##### Records supplied

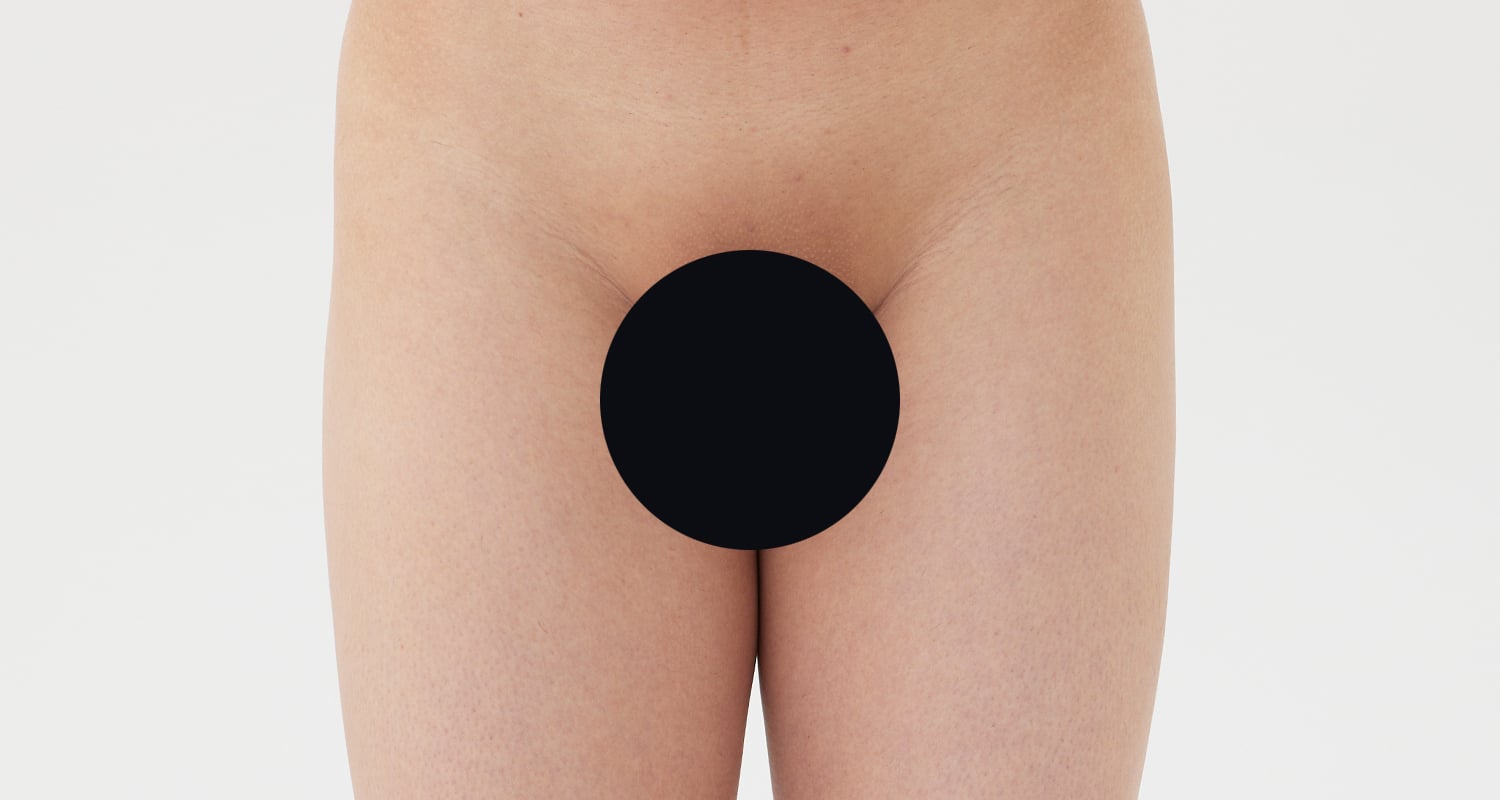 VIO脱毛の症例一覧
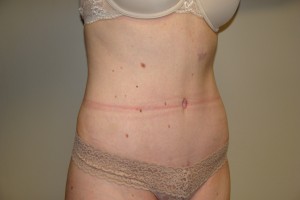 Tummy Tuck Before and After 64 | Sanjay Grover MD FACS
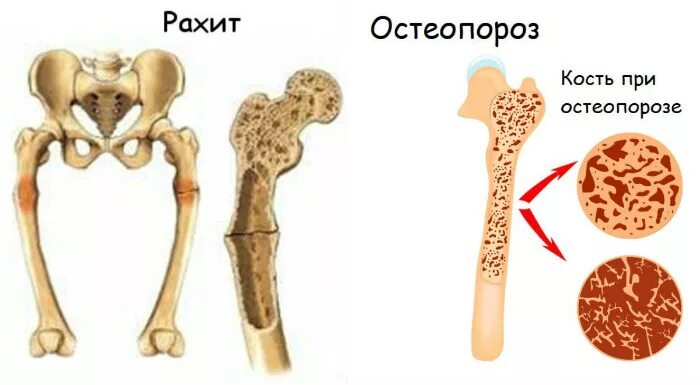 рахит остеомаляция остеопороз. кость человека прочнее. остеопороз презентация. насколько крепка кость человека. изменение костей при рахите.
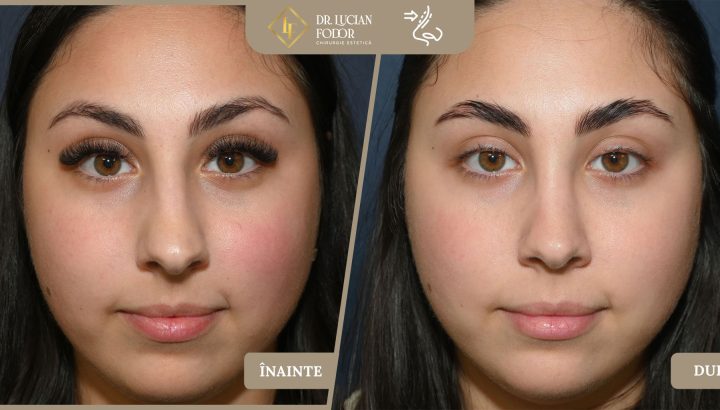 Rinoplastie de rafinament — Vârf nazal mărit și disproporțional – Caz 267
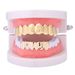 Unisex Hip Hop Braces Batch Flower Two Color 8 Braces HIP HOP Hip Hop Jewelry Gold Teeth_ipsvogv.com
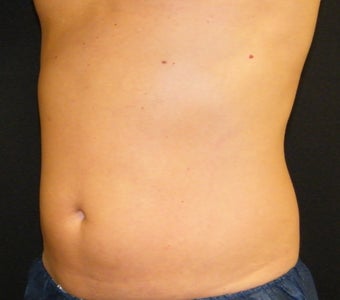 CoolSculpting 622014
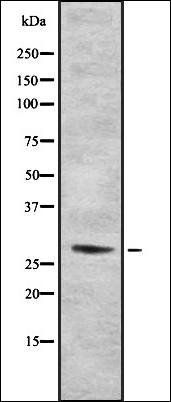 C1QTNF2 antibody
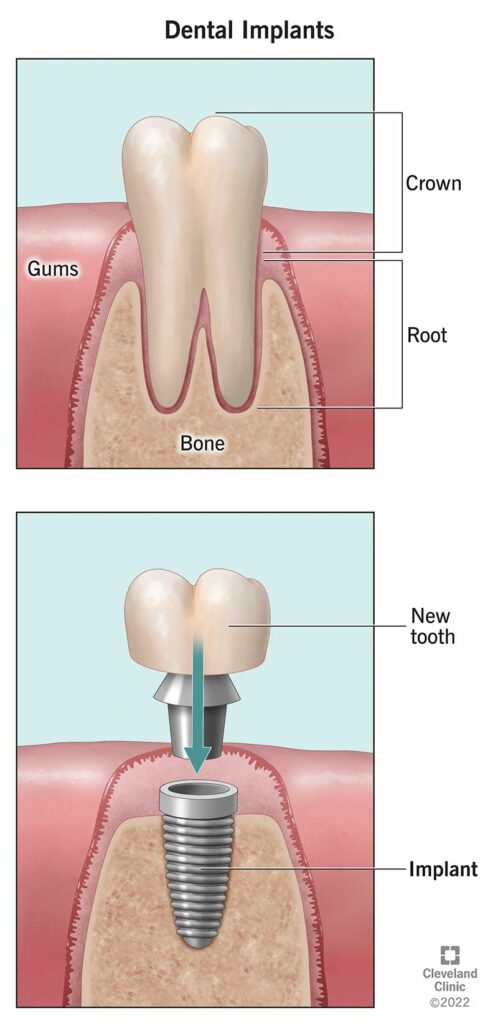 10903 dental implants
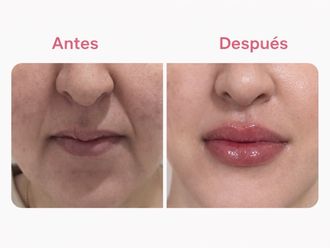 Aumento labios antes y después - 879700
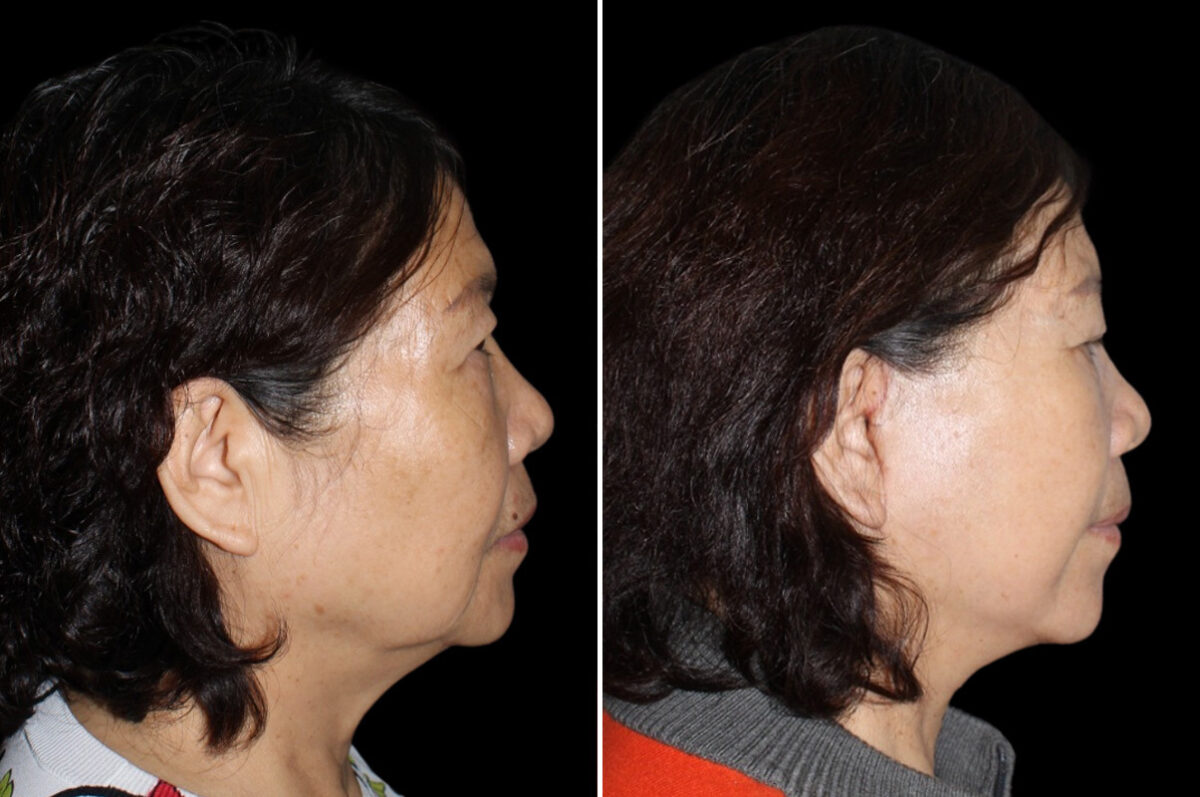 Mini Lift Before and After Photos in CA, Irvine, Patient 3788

##########

Exercise brief: Print the stretch of the data from the line with "Aumento labios antes y después - 879700" through its last line, exactly and with both ends kept. Omit pictures.

Output of the task:
 Aumento labios antes y después - 879700
 Mini Lift Before and After Photos in CA, Irvine, Patient 3788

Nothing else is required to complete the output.